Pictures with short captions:
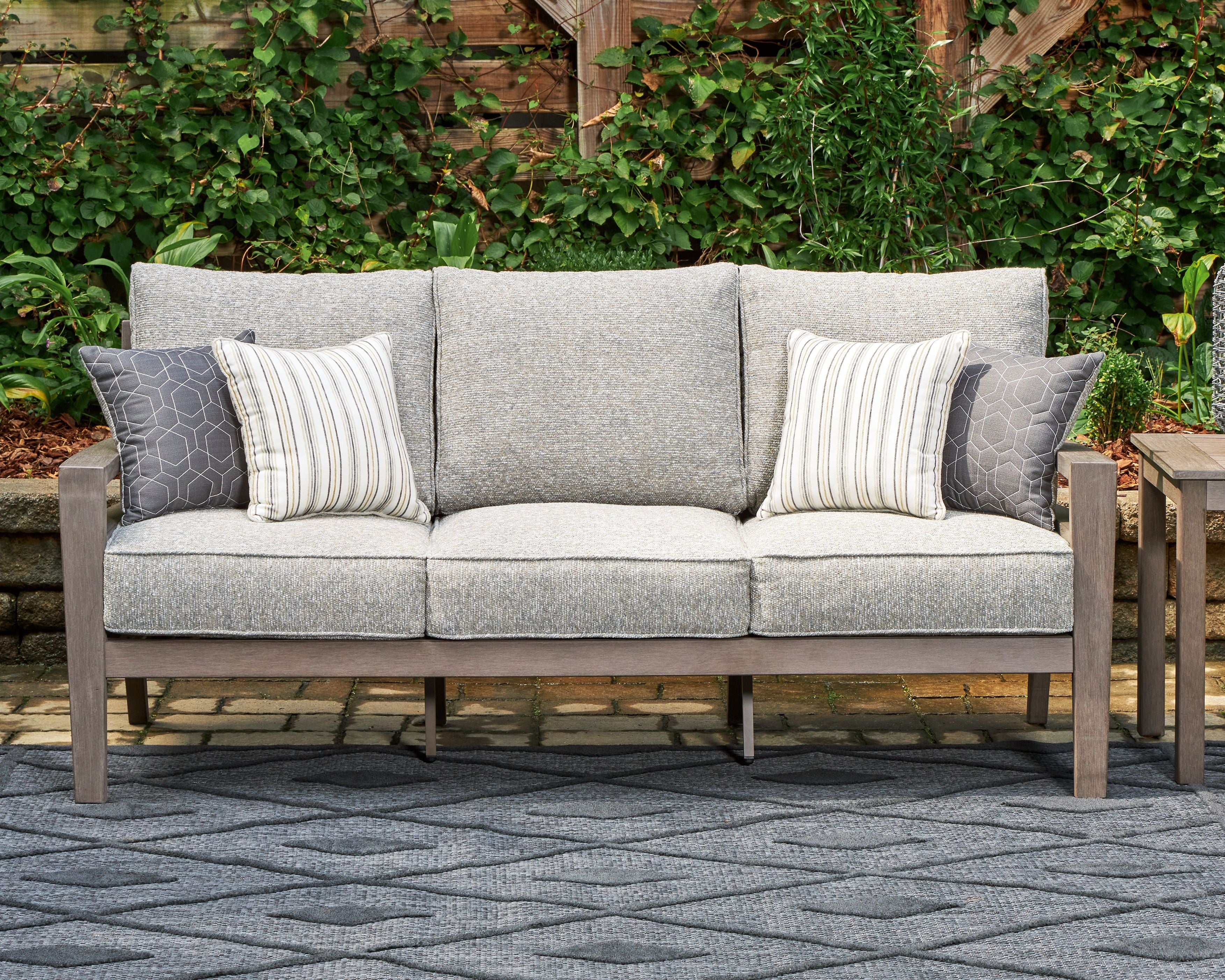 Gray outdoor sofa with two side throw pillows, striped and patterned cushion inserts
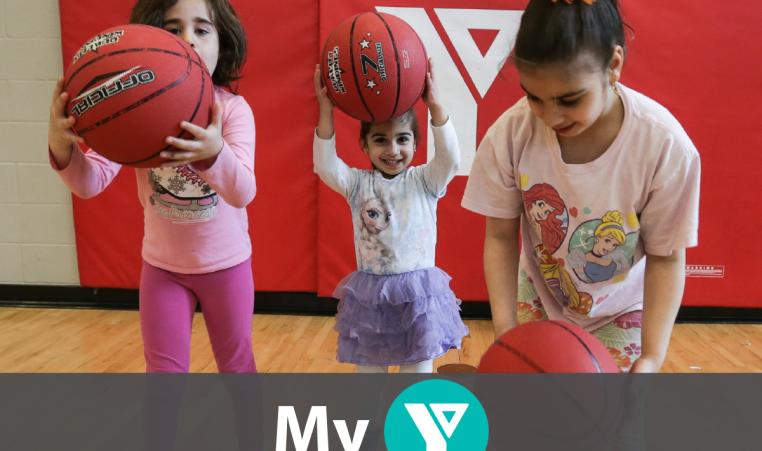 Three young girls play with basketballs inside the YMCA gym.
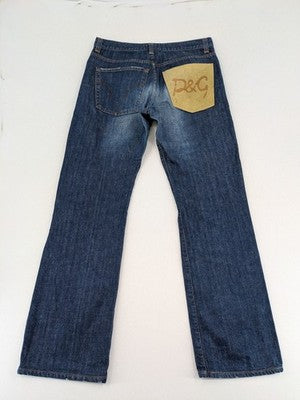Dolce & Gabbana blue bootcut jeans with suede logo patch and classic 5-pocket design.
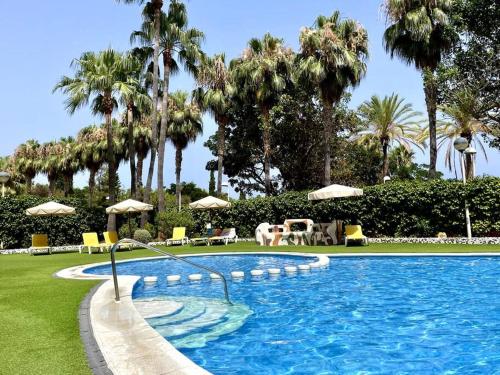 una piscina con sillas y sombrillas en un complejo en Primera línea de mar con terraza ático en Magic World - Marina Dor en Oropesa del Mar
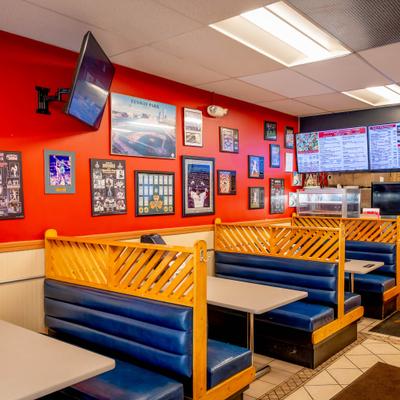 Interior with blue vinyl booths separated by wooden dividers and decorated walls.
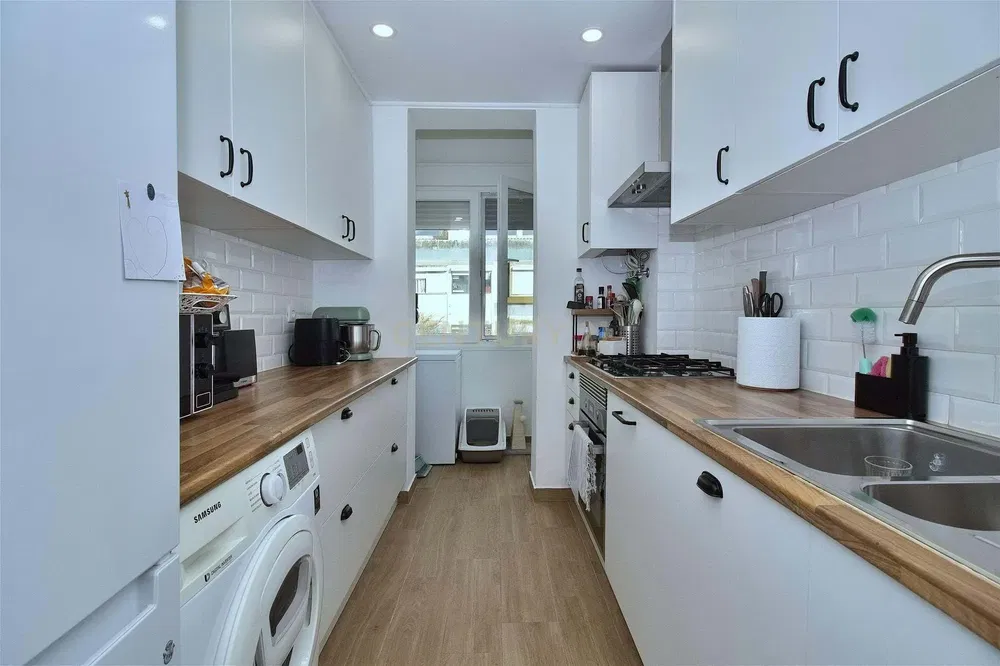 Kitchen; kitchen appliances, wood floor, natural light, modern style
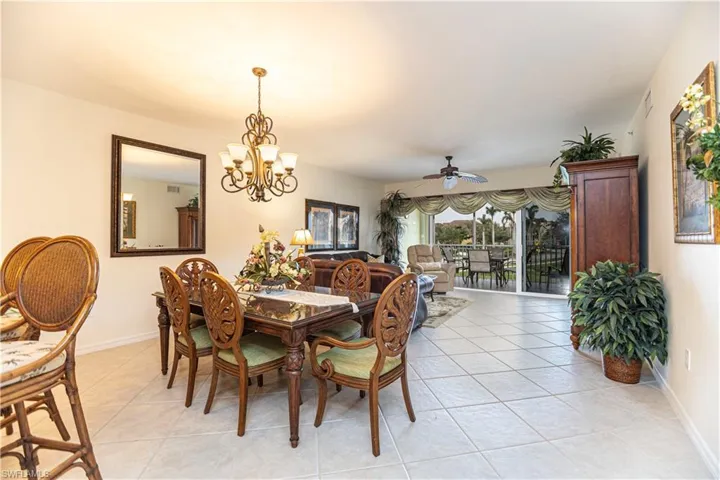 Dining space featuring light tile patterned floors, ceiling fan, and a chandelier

## REQUIRED WORK
Pick up at the line that holds "una piscina con" and restate each line, word for word, through the last line of the entries. Include both end lines but none of the pictures.

## EXPECTED OUTPUT
 una piscina con sillas y sombrillas en un complejo en Primera línea de mar con terraza ático en Magic World - Marina Dor en Oropesa del Mar
 Interior with blue vinyl booths separated by wooden dividers and decorated walls.
 Kitchen; kitchen appliances, wood floor, natural light, modern style
 Dining space featuring light tile patterned floors, ceiling fan, and a chandelier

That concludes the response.